I felt there was a sign on my forehead that announced my sadness and my sense of failure. I felt contagious. I felt like there was a window on my uterus and everyone could see that it was empty...that it had served as a tomb for my beautiful baby boy. These people were prefectly nice to me. Normal people with normal conversation. But it was there like some giant purple elephant in the middle of the room that everyone was talking around.

Will I ever NOT carry this around with me? Will there ever be a time when I won't think of THIS whenever I meet someone? I'm either relieved that they don't know what happened, or I'm nervous that they do know what happened and I'm uncertain what they will say/how they will react. I'm so tired of carrying around this huge purple elephant and trying to find the appropriate place to set it so it's out of my way. I just want my life back.

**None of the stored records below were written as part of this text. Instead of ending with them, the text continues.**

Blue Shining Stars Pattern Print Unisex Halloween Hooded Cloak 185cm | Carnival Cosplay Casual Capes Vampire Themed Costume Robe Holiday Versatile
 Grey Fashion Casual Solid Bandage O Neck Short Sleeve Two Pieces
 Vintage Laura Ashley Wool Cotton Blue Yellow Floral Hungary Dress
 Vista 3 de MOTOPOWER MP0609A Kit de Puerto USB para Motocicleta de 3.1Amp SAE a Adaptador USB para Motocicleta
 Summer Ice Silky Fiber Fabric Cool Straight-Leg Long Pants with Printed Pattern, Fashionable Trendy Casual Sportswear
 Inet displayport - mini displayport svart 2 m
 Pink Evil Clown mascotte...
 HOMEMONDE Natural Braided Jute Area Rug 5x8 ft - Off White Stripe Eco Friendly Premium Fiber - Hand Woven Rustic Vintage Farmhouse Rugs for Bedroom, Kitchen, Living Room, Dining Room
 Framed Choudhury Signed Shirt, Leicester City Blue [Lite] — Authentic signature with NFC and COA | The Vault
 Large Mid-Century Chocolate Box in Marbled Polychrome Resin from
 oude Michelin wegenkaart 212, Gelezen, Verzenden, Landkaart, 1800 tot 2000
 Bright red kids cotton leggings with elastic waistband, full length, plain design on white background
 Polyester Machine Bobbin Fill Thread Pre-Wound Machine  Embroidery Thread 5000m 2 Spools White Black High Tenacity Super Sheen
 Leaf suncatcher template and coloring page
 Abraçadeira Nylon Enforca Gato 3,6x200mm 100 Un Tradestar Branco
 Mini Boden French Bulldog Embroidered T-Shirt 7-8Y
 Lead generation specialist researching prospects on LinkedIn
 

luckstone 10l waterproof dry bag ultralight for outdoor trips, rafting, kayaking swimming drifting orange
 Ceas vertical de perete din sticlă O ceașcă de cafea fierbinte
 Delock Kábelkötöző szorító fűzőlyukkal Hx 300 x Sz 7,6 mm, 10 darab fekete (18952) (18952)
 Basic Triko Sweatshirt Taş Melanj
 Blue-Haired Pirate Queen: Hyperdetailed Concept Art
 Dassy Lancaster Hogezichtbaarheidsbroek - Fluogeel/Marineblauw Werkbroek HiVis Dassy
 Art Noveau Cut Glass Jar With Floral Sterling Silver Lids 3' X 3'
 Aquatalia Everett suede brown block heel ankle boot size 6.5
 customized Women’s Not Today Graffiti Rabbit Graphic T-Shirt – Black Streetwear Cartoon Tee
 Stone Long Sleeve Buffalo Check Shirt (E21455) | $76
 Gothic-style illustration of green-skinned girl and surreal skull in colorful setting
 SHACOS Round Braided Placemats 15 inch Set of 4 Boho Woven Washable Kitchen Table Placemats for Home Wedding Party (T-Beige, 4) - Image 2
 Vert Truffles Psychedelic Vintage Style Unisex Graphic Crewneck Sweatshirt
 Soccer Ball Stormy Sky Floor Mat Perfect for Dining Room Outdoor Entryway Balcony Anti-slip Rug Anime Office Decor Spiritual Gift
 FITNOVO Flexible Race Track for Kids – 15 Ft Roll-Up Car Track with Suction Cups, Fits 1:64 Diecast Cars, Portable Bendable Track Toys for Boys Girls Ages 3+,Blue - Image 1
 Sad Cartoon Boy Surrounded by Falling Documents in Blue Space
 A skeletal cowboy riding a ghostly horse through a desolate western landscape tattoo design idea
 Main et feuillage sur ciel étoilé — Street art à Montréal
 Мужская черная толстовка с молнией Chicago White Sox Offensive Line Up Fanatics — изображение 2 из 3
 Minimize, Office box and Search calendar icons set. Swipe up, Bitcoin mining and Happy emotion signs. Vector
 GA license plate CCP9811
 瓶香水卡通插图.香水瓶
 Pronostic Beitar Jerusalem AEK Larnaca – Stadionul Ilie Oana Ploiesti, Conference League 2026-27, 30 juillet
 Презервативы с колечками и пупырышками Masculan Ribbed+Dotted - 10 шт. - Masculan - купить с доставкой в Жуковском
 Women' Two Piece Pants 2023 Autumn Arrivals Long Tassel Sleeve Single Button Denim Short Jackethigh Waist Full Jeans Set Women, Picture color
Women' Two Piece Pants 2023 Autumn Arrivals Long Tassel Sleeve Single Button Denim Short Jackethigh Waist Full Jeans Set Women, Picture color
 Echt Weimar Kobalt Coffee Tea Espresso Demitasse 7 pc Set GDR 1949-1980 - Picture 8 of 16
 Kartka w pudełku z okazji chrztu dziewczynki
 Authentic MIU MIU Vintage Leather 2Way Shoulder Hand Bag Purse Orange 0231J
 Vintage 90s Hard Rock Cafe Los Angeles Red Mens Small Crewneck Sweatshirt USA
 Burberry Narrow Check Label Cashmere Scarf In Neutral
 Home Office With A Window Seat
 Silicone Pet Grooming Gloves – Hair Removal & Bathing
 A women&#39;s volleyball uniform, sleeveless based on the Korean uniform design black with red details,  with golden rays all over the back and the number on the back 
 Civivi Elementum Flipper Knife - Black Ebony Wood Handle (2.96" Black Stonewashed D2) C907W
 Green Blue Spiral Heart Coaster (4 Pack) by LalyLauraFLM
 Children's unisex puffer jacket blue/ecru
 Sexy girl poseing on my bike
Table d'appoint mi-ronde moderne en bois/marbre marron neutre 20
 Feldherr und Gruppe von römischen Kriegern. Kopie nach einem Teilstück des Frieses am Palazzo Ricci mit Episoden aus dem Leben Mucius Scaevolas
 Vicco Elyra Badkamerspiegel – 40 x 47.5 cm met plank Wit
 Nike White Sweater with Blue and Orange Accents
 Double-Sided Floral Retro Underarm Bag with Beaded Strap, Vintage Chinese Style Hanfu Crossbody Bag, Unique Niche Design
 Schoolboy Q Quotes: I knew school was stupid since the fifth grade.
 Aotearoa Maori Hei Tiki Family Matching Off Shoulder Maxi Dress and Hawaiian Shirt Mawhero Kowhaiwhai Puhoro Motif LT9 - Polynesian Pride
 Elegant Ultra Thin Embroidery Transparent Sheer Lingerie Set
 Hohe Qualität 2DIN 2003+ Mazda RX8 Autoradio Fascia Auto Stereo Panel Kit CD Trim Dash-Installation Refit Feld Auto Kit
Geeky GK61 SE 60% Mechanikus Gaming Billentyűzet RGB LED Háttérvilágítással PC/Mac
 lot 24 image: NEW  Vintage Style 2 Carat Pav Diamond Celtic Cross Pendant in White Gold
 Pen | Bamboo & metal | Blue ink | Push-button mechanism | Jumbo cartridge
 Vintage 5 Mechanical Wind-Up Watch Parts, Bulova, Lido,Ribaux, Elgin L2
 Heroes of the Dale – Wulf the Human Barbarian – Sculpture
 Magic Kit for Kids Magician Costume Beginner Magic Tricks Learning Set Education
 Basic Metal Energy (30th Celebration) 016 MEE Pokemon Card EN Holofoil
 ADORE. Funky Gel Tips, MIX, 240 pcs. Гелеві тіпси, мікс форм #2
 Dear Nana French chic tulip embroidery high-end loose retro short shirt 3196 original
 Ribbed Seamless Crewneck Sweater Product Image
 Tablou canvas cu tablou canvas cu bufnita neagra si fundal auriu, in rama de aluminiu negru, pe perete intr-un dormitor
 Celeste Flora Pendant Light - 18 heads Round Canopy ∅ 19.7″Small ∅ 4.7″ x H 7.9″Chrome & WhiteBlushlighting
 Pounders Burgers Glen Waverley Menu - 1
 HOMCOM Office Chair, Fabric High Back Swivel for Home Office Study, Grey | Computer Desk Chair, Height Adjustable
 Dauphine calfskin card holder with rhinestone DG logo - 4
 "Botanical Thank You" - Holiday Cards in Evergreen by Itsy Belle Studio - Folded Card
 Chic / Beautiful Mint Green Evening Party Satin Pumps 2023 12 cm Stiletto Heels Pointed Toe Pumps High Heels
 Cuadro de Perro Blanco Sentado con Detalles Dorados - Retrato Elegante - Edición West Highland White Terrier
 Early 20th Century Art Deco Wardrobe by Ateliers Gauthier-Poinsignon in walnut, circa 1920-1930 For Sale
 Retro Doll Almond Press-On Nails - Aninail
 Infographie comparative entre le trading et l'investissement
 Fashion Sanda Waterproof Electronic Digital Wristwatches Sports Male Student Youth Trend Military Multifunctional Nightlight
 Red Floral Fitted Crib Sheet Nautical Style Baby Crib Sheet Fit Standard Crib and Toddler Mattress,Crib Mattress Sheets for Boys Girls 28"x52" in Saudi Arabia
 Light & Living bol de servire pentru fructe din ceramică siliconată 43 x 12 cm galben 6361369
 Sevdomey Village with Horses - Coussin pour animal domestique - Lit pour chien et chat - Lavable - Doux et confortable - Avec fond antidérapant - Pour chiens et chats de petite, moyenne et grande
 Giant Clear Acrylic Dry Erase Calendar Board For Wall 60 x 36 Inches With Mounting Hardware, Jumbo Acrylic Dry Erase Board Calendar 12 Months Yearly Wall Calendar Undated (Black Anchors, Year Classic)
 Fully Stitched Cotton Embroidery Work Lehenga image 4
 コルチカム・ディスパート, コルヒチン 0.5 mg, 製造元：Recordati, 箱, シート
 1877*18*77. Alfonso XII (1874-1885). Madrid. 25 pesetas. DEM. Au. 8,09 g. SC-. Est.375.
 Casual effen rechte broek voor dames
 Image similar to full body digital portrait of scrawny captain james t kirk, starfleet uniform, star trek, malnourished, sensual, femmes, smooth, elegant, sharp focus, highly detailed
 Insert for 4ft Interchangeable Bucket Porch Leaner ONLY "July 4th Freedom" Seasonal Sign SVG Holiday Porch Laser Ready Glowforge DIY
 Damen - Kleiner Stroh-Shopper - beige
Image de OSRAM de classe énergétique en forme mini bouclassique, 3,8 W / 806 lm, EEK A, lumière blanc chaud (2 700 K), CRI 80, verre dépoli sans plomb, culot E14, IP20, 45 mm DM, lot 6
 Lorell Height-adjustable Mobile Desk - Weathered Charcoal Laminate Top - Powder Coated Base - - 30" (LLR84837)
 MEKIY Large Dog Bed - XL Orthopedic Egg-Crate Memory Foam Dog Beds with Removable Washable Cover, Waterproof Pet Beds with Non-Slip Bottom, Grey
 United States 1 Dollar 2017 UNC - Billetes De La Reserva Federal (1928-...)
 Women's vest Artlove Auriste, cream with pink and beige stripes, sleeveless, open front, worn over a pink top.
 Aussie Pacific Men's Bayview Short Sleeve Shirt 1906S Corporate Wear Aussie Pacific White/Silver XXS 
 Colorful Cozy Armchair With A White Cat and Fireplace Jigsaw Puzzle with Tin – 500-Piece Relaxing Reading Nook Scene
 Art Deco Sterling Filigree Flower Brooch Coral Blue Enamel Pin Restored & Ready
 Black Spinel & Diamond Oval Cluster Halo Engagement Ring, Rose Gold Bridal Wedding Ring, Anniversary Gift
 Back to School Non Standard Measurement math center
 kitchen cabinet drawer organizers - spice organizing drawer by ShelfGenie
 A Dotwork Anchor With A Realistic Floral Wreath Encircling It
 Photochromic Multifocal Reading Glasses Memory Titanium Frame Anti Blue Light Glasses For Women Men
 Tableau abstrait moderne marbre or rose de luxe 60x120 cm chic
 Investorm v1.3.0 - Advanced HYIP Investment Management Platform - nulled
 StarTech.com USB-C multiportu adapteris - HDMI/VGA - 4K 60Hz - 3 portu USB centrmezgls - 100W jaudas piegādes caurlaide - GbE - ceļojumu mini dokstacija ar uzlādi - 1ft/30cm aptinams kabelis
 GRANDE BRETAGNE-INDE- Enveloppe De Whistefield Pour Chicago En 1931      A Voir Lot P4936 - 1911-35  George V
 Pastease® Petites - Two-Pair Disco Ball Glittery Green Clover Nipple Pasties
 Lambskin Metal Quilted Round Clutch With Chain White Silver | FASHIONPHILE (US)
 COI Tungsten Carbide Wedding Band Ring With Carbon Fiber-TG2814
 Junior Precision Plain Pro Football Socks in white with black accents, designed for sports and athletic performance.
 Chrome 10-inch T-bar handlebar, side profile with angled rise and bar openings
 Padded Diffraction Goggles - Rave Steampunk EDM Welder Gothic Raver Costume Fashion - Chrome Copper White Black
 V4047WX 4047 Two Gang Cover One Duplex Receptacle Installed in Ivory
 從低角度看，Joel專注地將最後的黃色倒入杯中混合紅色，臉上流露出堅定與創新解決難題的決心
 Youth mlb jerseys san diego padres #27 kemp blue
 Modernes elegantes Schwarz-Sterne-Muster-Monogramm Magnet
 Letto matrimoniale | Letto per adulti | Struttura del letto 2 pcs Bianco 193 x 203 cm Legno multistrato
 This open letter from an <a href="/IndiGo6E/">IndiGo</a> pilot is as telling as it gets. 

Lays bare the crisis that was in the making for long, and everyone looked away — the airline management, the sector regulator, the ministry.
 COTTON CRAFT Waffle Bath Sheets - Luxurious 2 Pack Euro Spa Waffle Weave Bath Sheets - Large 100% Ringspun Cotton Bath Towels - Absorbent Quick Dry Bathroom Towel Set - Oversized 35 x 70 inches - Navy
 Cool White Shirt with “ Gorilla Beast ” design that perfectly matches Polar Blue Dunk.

I can't have my baby. Is it too much to ask that I get myself back?


Julie said...

{{{Cathy}}} I'm so sorry. Sometimes even the simplest of actions take a turn for misery. It was nice of you take Sam for a visit.

lauralu said...

i doubt your self, at least your old self, will ever be back, because it probably doesn't exist any more. but it will get easier.

MB said...

I'm still trying to et used to the new (but not improved) me. I have realized that I won't ever be who I was again. It's not possible. Maybe part of the mouring process is mourning the loss of our old selves too... I wish I had fabulous answers that would bring you all the comfort you are looking for. I just don't. I'm sorry.

Jill said...

I think that maybe you deserve some credit for actually wanting exist outside the bounds of your grief. Your son's death is still very recent and yet you recognise that there is a need to move through it and live for other reasons than to remember him. Many people don't do that.

As for all the rest - whenever you are around people who know what happened and who have not experienced anything remotely similar(or worse have had a baby successfully), there is nothing else to feel except different. But with the way people put time limits on grief, it won't be long before Alex is no longer their first thought when they see you. It'll be yours still, but not theirs and that might allow you to get on with redefining yourself:(


Bronwyn said...

It's weird having this new skin, isn't it? The question I dread the most from new people that I meet is "Do you have any children?". If I answer "no", I feel like I'm betraying my daughter, but if I answer "yes, but she was stillborn", then I open this whole can of worms that isn't usually appropriate. Appropriate? What does that mean, anyway? Sometimes I'm sick of tiptoeing around it just for the sake of politeness. I suppose one day this new skin will feel so natural that we won't notice it anymore, but it's been 15 months for me and it still feels pretty raw sometimes. (((Big hug))) At least all of us other "mutants" can understand how it feels...

deadbabymama said...

You will always carry this around with you, but how it feels to do that will change. There will be a time when you don't think about "THIS" whenever you meet someone. You may learn to care less about what people think, or maybe just to care less that you care. (did that make sense?) You will have your life back, a different life, but a life just the same and I can already see you building it. You will have you back, again a different you but it will be you, I can see that taking shape as well. I think that mb is right about mourning our old selves, we are mourning our old lives, our senses of hope and wonder, our comfortable ignorance and all kinds of things that are gone from us. But after awhile the mourning does end (unless we hang on and cultivate it beyond what we should do, and you are not there) and we find our new selves and our new lives and new hopes and comforts. The purple elephant gets smaller and becomes able to carry itself, it stands more politely at the edge of the room and sometimes it leaves and goes to a different room. I'm not sure if it leaves the house yet, I kind of doubt it, but I can live with that.

NervousKitty said...

I'm sorry, Catherine. I can relate so much to what you're saying. For me, I hate the idea of people talking about it when I'm not there - I don't know why. I don't want anyone to feel sorry for me, for some reason.

I hope we can all find some remnants of who we used to be, someday.